この病識は流動的で、時と場合によって変化することもよくあるのではないでしょうか
池淵先生のレビュー~池淵恵美(2021)「統合失調症の『病識』を再考する」精神医学(63)3 p395~414~を参考にしつつ、私見もかなり混ぜながらまとめます。
前頭葉機能
脳の器質疾患では、しばしば病識欠如が起きることが知られています。統合失調症も神経認知機能の低下が想定されており、とりわけ前頭葉機能と病識の関連が研究によって支持されています。簡単に言えば、病識の無い患者さんはウィスコンシンカードソーティングテストのような検査の成績も悪いということです。ただ、当然ですが病識の一側面を説明するに過ぎないということも指摘されています。
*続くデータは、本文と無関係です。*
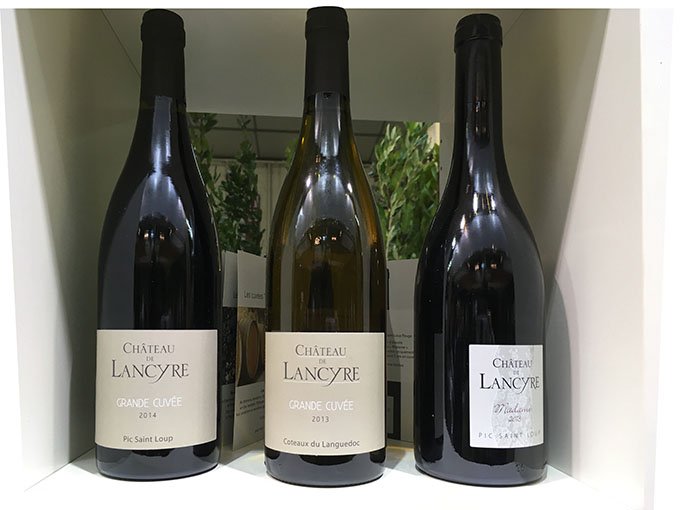 Les vins du château sont distribués sur le réseau traditionnel en France et à l’étranger. Ils sont aussi disponibles au caveau avec des prix allant de 8,50 à 27 euros. Photo : S. Favre/Pixel Image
病識が無いことを神経認知機能の低下に帰結することは、病識研究で有名なAmadorも推奨しています。病識が無い患者さんに対して、家族や支援者はイライラしがちなので、病識が無いのはそもそも病気の症状なんだ、と理解する方が気持ちがラクになる、という考え方です。Amador自身が統合失調症の兄を持つ当事者家族なんですよね。
一方で、Amadorは病識の無い患者さんに治療を受け入れてもらうためのコミュニケーション方法をまとめたLEAPを開発、紹介しています。LEAP自体はまた別の記事でも紹介したいですが、あまり普及啓発されていない印象です。周りの人もあまり知らないんですよね。精神科のど真ん中みたいなコミュニケーション技術だと個人的には思うのですが。
家族や社会のスティグマ
そもそもスティグマって何だろう、ということは置いておきますが。家族が精神疾患の発症を周囲に対して隠そうとするような場合は、患者さん自身も自分の病気を受け入れるどころではなくなります。こういった場合、家族の対応が悪いと責めても意味が無いわけで、場合によっては家族が支援の対象になります。
ネガティブな治療体験
強制入院、閉鎖病棟、行動制限、飲み心地の悪い抗精神病薬などなど。精神科の治療はネガティブな内容が多く、時にトラウマを残すくらいつらい体験になる場合があります。少なくともこのような体験のさなかでは、病気と向き合うどころではないです。
精神症状
これはまずまず大きなファクターという気がします。急性期症状が消退するとClinical Insightが改善してくることは多くの人が感じるのではないでしょうか。そもそも、病状の評価にあたって「入院時の振り返りができている」みたいなことを指標にすることもあります。ただ、すべての患者さんに共通するわけではなく、精神症状の改善に伴う病識の改善の程度はさまざまです。
次回の記事ではそもそも病識はあったほうがいいのか、ということについて考えたいと思っているのですが、それと関連するのがInsight Paradoxです。これは、病識をはっきりと持っているほど抑うつ症状の程度が重くなるという説のことで、研究によっても支持されています。幻覚妄想状態などが改善してくるにつれて病識も改善するけども、抑うつ症状に関しては逆に重くなる可能性があるということです。
それから、精神病症状や躁状態については患者さんに病識が無いことで問題になりますが、抑うつ症状については病識が無くて困る、という話は聞いたことがありません。むしろ抑うつを訴えながらも趣味活動などを行える患者さんを「あの患者さんはなんちゃってうつだ」のように揶揄することもありますから、むしろ過剰な病識を問題視するようなところがあると言えます。